What you will do:
Your task is to retype every entry exactly, omitting nothing.

[Records contained in a dataset]
----
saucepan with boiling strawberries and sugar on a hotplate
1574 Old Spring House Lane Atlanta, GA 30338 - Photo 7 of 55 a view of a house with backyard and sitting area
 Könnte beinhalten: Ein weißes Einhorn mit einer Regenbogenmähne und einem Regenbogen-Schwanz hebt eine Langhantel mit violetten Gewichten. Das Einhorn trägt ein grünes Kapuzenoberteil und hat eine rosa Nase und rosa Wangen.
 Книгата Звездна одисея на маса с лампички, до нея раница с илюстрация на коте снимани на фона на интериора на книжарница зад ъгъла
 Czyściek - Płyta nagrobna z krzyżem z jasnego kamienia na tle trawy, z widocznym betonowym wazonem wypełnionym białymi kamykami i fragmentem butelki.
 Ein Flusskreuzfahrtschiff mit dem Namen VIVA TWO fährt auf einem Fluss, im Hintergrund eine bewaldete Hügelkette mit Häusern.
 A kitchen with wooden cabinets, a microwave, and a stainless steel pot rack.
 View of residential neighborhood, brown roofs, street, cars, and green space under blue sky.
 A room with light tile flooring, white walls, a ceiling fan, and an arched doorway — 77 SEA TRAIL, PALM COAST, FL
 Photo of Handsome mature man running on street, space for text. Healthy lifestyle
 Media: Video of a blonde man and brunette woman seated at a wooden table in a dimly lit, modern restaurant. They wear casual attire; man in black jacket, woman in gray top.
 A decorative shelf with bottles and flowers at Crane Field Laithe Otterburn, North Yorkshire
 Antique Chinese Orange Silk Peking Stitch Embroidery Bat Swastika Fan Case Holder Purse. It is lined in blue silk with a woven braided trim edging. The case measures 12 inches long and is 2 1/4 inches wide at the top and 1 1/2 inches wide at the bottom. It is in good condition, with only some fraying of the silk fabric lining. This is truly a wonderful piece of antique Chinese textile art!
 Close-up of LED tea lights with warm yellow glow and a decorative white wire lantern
----
Output for this exercise:
saucepan with boiling strawberries and sugar on a hotplate
1574 Old Spring House Lane Atlanta, GA 30338 - Photo 7 of 55 a view of a house with backyard and sitting area
 Könnte beinhalten: Ein weißes Einhorn mit einer Regenbogenmähne und einem Regenbogen-Schwanz hebt eine Langhantel mit violetten Gewichten. Das Einhorn trägt ein grünes Kapuzenoberteil und hat eine rosa Nase und rosa Wangen.
 Книгата Звездна одисея на маса с лампички, до нея раница с илюстрация на коте снимани на фона на интериора на книжарница зад ъгъла
 Czyściek - Płyta nagrobna z krzyżem z jasnego kamienia na tle trawy, z widocznym betonowym wazonem wypełnionym białymi kamykami i fragmentem butelki.
 Ein Flusskreuzfahrtschiff mit dem Namen VIVA TWO fährt auf einem Fluss, im Hintergrund eine bewaldete Hügelkette mit Häusern.
 A kitchen with wooden cabinets, a microwave, and a stainless steel pot rack.
 View of residential neighborhood, brown roofs, street, cars, and green space under blue sky.
 A room with light tile flooring, white walls, a ceiling fan, and an arched doorway — 77 SEA TRAIL, PALM COAST, FL
 Photo of Handsome mature man running on street, space for text. Healthy lifestyle
 Media: Video of a blonde man and brunette woman seated at a wooden table in a dimly lit, modern restaurant. They wear casual attire; man in black jacket, woman in gray top.
 A decorative shelf with bottles and flowers at Crane Field Laithe Otterburn, North Yorkshire
 Antique Chinese Orange Silk Peking Stitch Embroidery Bat Swastika Fan Case Holder Purse. It is lined in blue silk with a woven braided trim edging. The case measures 12 inches long and is 2 1/4 inches wide at the top and 1 1/2 inches wide at the bottom. It is in good condition, with only some fraying of the silk fabric lining. This is truly a wonderful piece of antique Chinese textile art!
 Close-up of LED tea lights with warm yellow glow and a decorative white wire lantern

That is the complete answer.